Several studies examined variants in or near TCF7L2, the common variant with the strongest association with T2D (6). In particular, the interaction with dietary fiber was the most widely examined (n = 4 studies), although it was inconsistently replicated. One study reported that the effect of the T allele of rs7903146 (within TCF7L2) on T2D risk was significantly increased with higher intakes of total dietary fiber (10), which was corroborated by another study investigating cereal fiber (11). However, the results of 2 other studies were discordant (13, 36). In addition, Cornelis et al. (13) observed another interaction among US women, in which T allele carriers demonstrated increased odds of T2D with diets higher in GL.
One study reported that carriers of the A allele for an SNP (rs10423928) within GIPR, a candidate gene chosen based on the hypothesis that it encodes the receptor for the incretin hormone gastric inhibitory polypeptide (41), had a lower 12-y incidence of T2D only if they also consumed a diet higher in fat or lower in carbohydrate (41).
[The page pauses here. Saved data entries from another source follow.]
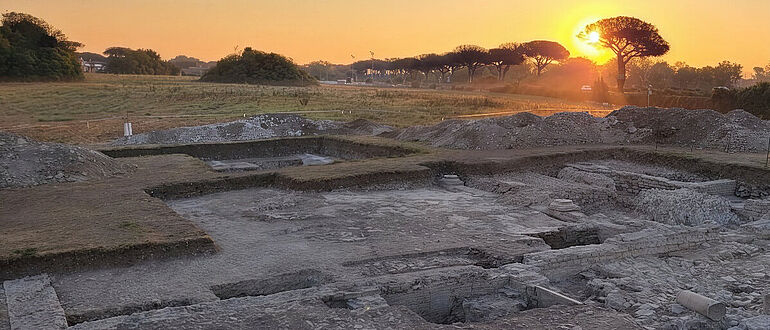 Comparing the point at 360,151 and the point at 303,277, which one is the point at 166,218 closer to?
the point at 303,277

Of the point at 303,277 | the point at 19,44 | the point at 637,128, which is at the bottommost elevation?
the point at 303,277

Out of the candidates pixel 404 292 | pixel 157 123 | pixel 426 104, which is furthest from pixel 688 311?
pixel 426 104

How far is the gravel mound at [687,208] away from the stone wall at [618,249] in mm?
1588

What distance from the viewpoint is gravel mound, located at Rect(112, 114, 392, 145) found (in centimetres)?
1850

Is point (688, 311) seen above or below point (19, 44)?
below

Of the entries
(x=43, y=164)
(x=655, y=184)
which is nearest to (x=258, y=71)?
(x=43, y=164)

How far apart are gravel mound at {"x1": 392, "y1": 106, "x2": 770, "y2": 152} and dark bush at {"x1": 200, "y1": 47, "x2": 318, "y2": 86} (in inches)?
1509

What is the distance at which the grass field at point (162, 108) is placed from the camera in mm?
21906

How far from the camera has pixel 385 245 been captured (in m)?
7.37

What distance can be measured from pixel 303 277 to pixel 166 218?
9.05ft

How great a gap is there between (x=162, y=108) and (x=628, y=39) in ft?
96.6

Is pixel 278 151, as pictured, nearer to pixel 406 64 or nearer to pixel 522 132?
pixel 522 132

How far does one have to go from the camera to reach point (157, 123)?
22.9m

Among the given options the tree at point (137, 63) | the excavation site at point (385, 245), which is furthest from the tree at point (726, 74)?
the tree at point (137, 63) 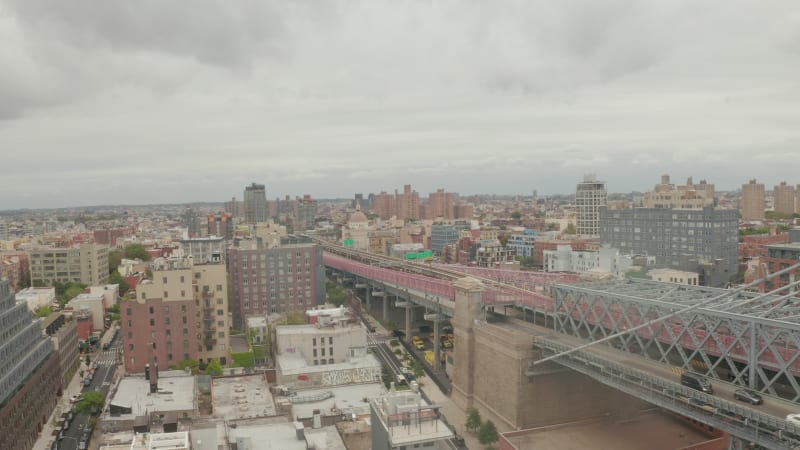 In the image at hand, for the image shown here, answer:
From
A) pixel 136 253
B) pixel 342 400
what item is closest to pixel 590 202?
pixel 136 253

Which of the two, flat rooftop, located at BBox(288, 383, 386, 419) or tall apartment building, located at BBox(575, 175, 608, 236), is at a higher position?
tall apartment building, located at BBox(575, 175, 608, 236)

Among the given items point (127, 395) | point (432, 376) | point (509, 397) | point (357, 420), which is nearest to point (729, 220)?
point (432, 376)

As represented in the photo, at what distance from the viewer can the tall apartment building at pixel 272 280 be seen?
80.9 meters

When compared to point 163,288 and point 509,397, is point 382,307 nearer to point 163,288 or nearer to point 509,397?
point 163,288

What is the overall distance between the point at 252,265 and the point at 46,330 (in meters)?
24.5

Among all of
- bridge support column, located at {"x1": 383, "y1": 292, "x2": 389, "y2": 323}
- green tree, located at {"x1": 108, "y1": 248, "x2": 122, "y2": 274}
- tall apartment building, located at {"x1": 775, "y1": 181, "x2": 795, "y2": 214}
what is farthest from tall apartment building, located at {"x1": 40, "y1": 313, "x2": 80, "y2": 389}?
tall apartment building, located at {"x1": 775, "y1": 181, "x2": 795, "y2": 214}

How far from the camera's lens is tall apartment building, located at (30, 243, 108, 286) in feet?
350

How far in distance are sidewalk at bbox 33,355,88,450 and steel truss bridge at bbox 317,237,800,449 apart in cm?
3591

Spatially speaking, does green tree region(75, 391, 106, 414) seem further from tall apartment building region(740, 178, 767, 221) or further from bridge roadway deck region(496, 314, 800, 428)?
tall apartment building region(740, 178, 767, 221)

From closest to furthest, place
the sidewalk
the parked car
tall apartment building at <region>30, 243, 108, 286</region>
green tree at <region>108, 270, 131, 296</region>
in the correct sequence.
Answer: the parked car < the sidewalk < green tree at <region>108, 270, 131, 296</region> < tall apartment building at <region>30, 243, 108, 286</region>

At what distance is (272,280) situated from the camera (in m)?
81.6

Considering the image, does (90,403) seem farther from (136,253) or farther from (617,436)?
(136,253)

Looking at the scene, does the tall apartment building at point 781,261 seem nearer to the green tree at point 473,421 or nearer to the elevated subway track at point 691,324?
the elevated subway track at point 691,324

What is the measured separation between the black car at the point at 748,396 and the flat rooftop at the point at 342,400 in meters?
22.0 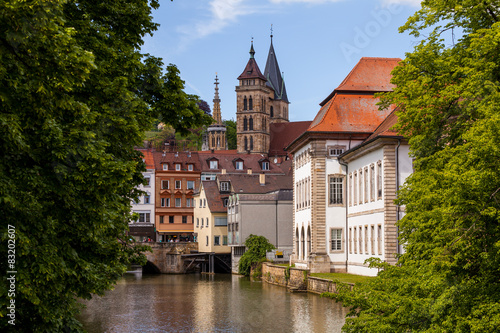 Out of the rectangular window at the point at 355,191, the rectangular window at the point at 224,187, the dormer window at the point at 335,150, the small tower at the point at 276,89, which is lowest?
the rectangular window at the point at 355,191

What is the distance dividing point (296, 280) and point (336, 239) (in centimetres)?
479

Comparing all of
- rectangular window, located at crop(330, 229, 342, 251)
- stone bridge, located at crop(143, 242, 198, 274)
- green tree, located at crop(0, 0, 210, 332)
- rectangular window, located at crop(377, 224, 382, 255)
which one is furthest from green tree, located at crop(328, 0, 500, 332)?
stone bridge, located at crop(143, 242, 198, 274)

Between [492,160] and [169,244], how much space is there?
62.8m

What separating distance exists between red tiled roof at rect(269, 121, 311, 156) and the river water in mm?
98306

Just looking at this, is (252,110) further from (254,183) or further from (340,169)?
(340,169)

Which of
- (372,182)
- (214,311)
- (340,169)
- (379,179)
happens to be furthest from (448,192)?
(340,169)

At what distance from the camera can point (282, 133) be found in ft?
495

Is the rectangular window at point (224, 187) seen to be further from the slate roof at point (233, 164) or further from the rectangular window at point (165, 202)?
the slate roof at point (233, 164)

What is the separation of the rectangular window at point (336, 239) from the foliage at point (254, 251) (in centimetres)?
1424

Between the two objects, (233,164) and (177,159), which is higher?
(177,159)

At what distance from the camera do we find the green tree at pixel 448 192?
520 inches

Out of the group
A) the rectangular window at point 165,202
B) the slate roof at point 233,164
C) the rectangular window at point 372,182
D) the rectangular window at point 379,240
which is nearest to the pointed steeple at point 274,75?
the slate roof at point 233,164

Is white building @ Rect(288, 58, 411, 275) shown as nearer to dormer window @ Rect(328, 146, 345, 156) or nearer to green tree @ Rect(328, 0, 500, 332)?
dormer window @ Rect(328, 146, 345, 156)

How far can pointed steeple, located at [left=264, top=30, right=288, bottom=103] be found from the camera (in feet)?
539
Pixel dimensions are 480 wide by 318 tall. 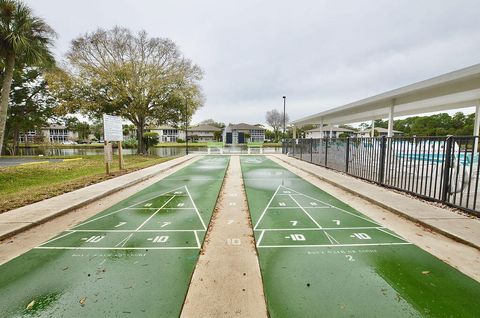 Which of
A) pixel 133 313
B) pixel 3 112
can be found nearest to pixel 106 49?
pixel 3 112

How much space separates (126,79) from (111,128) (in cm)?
1256

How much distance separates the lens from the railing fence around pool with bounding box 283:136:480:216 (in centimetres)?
586

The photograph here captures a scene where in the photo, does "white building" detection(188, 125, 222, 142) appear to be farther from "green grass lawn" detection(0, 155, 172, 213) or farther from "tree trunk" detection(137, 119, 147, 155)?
"green grass lawn" detection(0, 155, 172, 213)

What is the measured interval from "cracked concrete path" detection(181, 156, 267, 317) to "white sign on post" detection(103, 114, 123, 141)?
8.36m

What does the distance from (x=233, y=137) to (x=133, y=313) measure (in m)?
64.1

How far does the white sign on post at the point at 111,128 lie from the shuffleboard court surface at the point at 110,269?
21.3 ft

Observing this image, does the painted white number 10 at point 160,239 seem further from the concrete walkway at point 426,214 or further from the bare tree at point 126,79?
the bare tree at point 126,79

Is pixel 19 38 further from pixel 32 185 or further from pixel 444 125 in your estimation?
pixel 444 125

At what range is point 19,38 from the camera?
9898 millimetres

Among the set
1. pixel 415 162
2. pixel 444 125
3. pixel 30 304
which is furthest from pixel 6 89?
pixel 444 125

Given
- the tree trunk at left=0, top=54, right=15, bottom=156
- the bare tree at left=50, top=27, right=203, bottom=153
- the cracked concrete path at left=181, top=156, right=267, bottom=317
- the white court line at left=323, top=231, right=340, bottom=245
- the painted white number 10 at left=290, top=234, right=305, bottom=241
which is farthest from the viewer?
the bare tree at left=50, top=27, right=203, bottom=153

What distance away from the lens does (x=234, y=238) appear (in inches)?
165

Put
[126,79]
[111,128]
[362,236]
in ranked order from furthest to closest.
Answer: [126,79] → [111,128] → [362,236]

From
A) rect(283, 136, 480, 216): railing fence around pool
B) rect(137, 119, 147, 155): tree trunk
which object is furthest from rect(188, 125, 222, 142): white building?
rect(283, 136, 480, 216): railing fence around pool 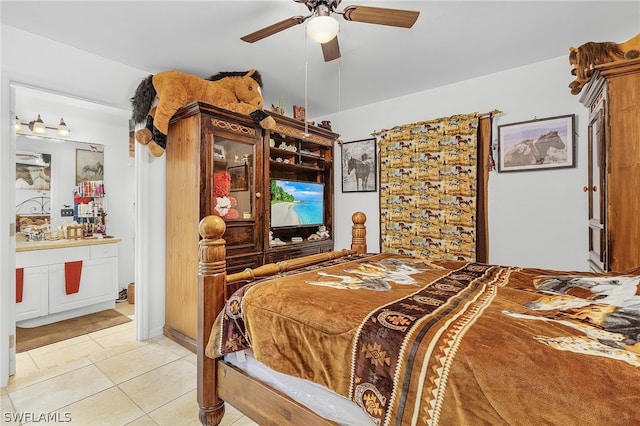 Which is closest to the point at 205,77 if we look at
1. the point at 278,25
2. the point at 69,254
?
the point at 278,25

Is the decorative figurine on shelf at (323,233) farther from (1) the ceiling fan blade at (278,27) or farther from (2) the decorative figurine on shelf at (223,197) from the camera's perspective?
(1) the ceiling fan blade at (278,27)

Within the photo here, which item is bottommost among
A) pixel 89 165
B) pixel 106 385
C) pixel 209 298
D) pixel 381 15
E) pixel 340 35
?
pixel 106 385

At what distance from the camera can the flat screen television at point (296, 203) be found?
326 cm

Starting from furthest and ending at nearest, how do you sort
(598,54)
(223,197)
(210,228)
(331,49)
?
(223,197) < (331,49) < (598,54) < (210,228)

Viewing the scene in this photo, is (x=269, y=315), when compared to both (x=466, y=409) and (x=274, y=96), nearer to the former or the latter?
(x=466, y=409)

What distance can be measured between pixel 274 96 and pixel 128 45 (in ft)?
5.11

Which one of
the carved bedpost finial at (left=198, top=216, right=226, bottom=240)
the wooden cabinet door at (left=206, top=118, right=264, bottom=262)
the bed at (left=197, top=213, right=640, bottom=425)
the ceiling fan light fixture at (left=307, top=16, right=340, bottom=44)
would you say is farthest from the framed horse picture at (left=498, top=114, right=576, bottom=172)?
the carved bedpost finial at (left=198, top=216, right=226, bottom=240)

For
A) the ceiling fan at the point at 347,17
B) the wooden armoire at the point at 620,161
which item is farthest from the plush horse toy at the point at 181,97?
the wooden armoire at the point at 620,161

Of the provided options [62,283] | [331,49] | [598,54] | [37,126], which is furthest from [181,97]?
[598,54]

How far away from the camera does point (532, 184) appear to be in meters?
2.74

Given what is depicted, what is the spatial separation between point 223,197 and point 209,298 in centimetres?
148

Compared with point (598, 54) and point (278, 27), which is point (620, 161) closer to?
point (598, 54)

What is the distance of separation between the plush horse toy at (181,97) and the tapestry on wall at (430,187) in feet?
5.19

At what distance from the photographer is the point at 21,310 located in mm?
2816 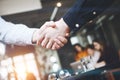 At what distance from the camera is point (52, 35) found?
5.04ft

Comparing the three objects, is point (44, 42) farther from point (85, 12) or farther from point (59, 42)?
point (85, 12)

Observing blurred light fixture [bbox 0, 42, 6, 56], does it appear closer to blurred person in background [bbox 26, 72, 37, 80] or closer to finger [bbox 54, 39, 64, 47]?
blurred person in background [bbox 26, 72, 37, 80]

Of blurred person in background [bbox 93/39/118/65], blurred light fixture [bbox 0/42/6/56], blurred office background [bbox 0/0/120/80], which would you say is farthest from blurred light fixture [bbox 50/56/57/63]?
blurred person in background [bbox 93/39/118/65]

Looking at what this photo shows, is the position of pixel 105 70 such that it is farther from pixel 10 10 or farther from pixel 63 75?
pixel 10 10

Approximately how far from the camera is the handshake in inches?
60.2

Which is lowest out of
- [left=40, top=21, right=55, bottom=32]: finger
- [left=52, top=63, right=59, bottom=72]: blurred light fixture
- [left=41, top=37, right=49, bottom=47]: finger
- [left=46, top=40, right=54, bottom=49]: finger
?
[left=52, top=63, right=59, bottom=72]: blurred light fixture

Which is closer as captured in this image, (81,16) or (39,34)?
(81,16)

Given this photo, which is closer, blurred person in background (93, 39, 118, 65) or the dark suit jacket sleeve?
the dark suit jacket sleeve

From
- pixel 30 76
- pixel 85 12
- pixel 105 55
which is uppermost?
pixel 85 12

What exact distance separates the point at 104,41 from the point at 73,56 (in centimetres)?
255

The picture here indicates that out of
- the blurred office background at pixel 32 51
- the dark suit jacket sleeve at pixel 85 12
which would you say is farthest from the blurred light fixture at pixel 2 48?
the dark suit jacket sleeve at pixel 85 12

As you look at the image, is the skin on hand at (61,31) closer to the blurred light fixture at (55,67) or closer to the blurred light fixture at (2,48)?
the blurred light fixture at (55,67)

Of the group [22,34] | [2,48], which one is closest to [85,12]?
[22,34]

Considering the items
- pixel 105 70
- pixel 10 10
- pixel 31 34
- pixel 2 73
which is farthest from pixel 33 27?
pixel 105 70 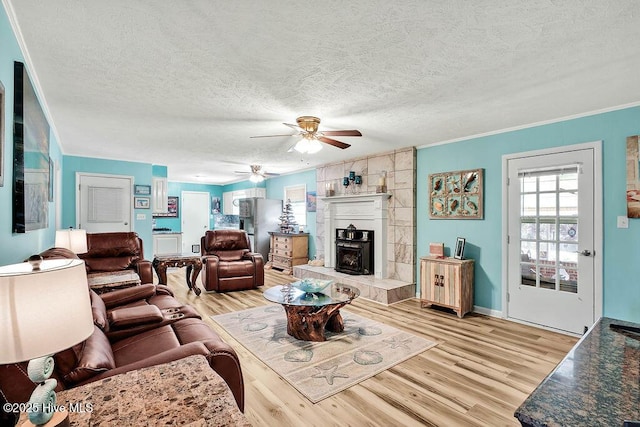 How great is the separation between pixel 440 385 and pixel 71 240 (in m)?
3.58

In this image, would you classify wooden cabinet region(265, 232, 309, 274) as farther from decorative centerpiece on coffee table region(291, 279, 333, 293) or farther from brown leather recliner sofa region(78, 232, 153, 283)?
decorative centerpiece on coffee table region(291, 279, 333, 293)

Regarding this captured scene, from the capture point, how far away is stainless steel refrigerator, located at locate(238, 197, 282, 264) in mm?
7492

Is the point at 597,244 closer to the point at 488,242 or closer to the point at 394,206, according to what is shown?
the point at 488,242

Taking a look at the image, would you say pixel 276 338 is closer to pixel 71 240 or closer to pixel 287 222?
pixel 71 240

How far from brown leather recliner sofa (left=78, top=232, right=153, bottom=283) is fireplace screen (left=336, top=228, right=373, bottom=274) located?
3171 mm

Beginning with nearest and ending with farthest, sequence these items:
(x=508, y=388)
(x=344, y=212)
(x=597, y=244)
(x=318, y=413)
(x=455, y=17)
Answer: (x=455, y=17)
(x=318, y=413)
(x=508, y=388)
(x=597, y=244)
(x=344, y=212)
Another study followed up CAV2 (rs2270188) for interaction with fat intake after exploratory analysis. This gene encodes a protein found on the surface of caveolae (small invaginations of cellular plasma membranes) and may be involved in lipid metabolism. CAV2 has not previously been associated with T2D (OR for rs2270188: 0.99; 95% CI: 0.97, 1.01; P = 0.49; Supplemental Table 4) (44). The authors found that compared with individuals with the GG genotype, those with the TT genotype had a higher risk of T2D when they consumed diets higher in total fat and SFAs (35).
In a Chinese case-control study, Zheng et al. (39) reported an interaction between circulating n–3 PUFAs and PEPD, which encodes a peptidase involved in proline recycling and collagen production. Within the gene PEPD, rs3786897 has been associated with T2D in Asians (45). Compared with those with a GG genotype, individuals with a GA or AA genotype were found to be at higher risk of T2D only among adults possessing lower levels of n–3 PUFAs (≤5.33% of total circulating phospholipid PUFAs).
Four studies investigated the interaction between FA intake and SNPs in or near PPARγ on T2D risk but identified no statistically significant interactions. This was also the case for studies examining interactions with IRS1, APOA2, FABP1/2/3/4, PGC-1α and a T2D-associated genetic risk score.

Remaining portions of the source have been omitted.